Assessing evidence for selective publication bias, citation bias, methodological bias, and investigator effects
Alongside testing for the decline effect, we also wanted to determine whether publication bias and/or methodological bias may have contributed to the large effect sizes reported in this field and whether there was any evidence for citation bias. In new and emerging topics, large effect sizes can be driven by authors and high-impact journals selectively publishing novel and groundbreaking results with large effect sizes [66]. If selective publication bias was evident among studies testing for effects of ocean acidification on fish behavior, there would be a positive relationship between effect size magnitude and journal impact factor sensu [30]. Thus, to determine if selective publication bias could be present in this field, we visually assessed the relationship between the journal impact factor (for the year of online publication) and the mean effect size magnitude for each study. It is important to note here that we did not compute weighted mean effect size magnitudes for each study, but simply computed the mean of the raw effect size magnitudes as calculated in the section Visualizing the decline effect using raw effect size magnitudes above.

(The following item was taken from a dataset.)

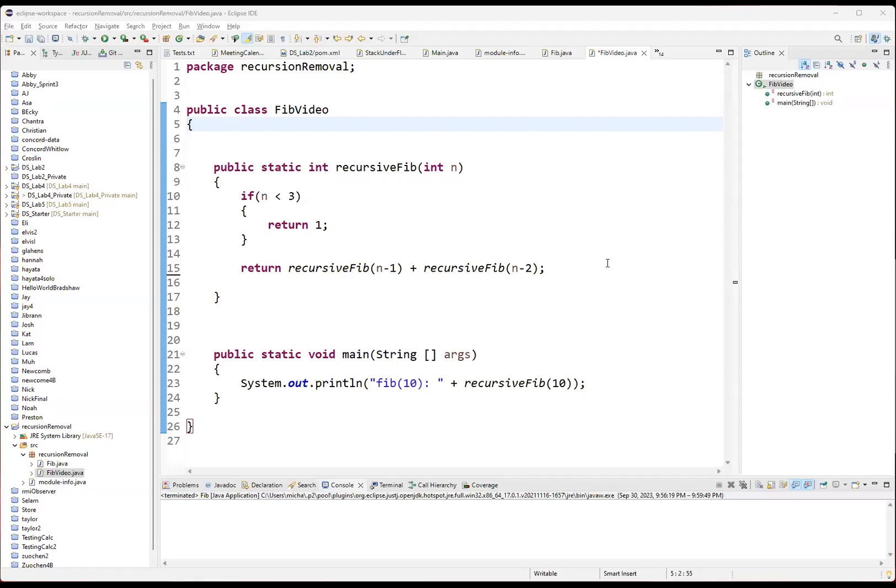Hey, class. This is going to be a demonstration of how to take something that has multiple recursion and transform it into an iterative solution that doesn't use recursion.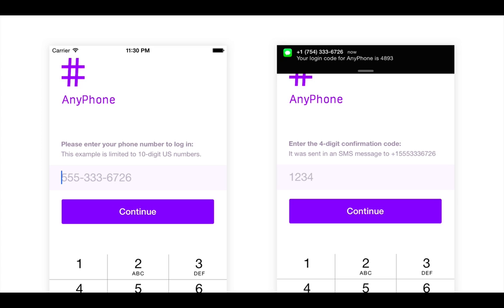So how does that process actually work? Users type in their phone number and hit continue. They receive a text message with the login code or verification code. They type that in, they press continue, and they're logged in. It's that simple.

To check for citation bias, we visually assessed the relationship between impact factor and the number of citations per year (according to Google Scholar on September 10, 2021) for each study, as well as the relationship between mean effect size magnitude and citations per year. We chose to use Google Scholar for citation data because Scholar has been shown to be more comprehensive than other sources (e.g., Web of Science, Journal Citation Reports, and Scopus), as it not only captures the vast majority of citations documented by these other sources, but also tends to capture more citations that are missed by those sources [67,68]. If citation bias was present in this field, citations per year would be positively correlated with mean effect size magnitude. Furthermore, if selective publication bias was influencing citation bias, a positive relationship between impact factor and citations per year would be present.

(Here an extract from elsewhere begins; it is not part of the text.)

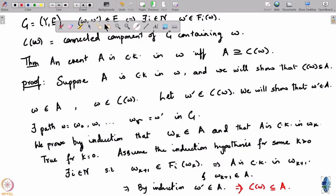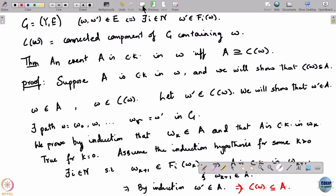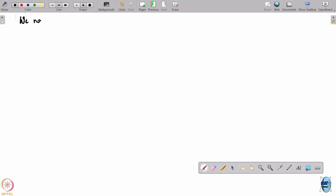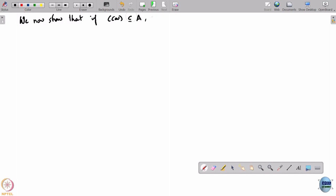What we need to show is that if C(ω) is a subset of A, then A is common knowledge. So we now show that if C(ω) is a subset of A, then A is common knowledge in ω. That is the claim we want to show.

To assess if low sample sizes could contribute to large effect sizes (i.e., higher probability of Type 1 error), we plotted mean effect size magnitude for each study against the mean sample size of that study. If low sample size was influencing effect sizes among studies in this field, large effect sizes would cluster near the lower end of the sample size spectrum.

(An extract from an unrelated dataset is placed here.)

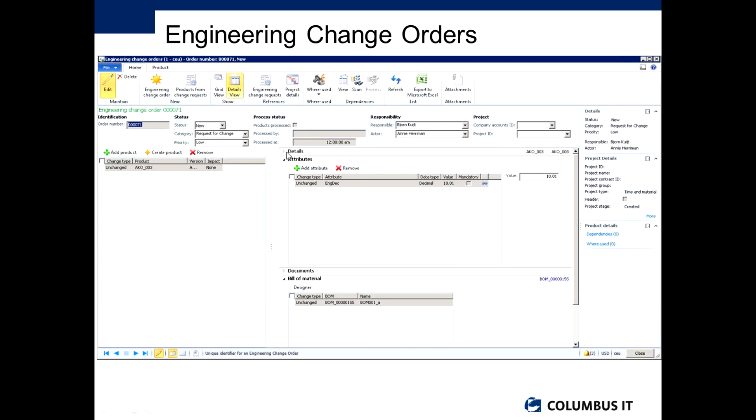I can look at the details of those. I can see the attributes that might be changing as well, so if this particular change is going to change an attribute of the product in a certain way, then I can see the attributes that are going to change.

Finally, because the validity of data presented in the early studies of this field have recently been questioned [31], and investigator bias has been reported to drive decline effects in ecology and evolution in the past [32], we were asked by the editors to test for investigator (or lab group) effects by rerunning the analysis on a dataset with all papers authored or coauthored by the lead investigators of those initial papers (i.e., P. Munday and/or D. Dixson) removed. Herein, we once again visualized all raw effect sizes plotted against time (i.e., see Visualizing the decline effect using raw effect size magnitudes section) and also computed weighted mean effect size magnitudes for each year (i.e., see Assessing weighted mean effect size magnitudes by year section). The potential for investigator effects influencing the decline effect would be apparent if the decline effect was not evident in the dataset excluding these authors.
Supporting information
S1 Code. R code.
Annotated R code for analysis and figure generation.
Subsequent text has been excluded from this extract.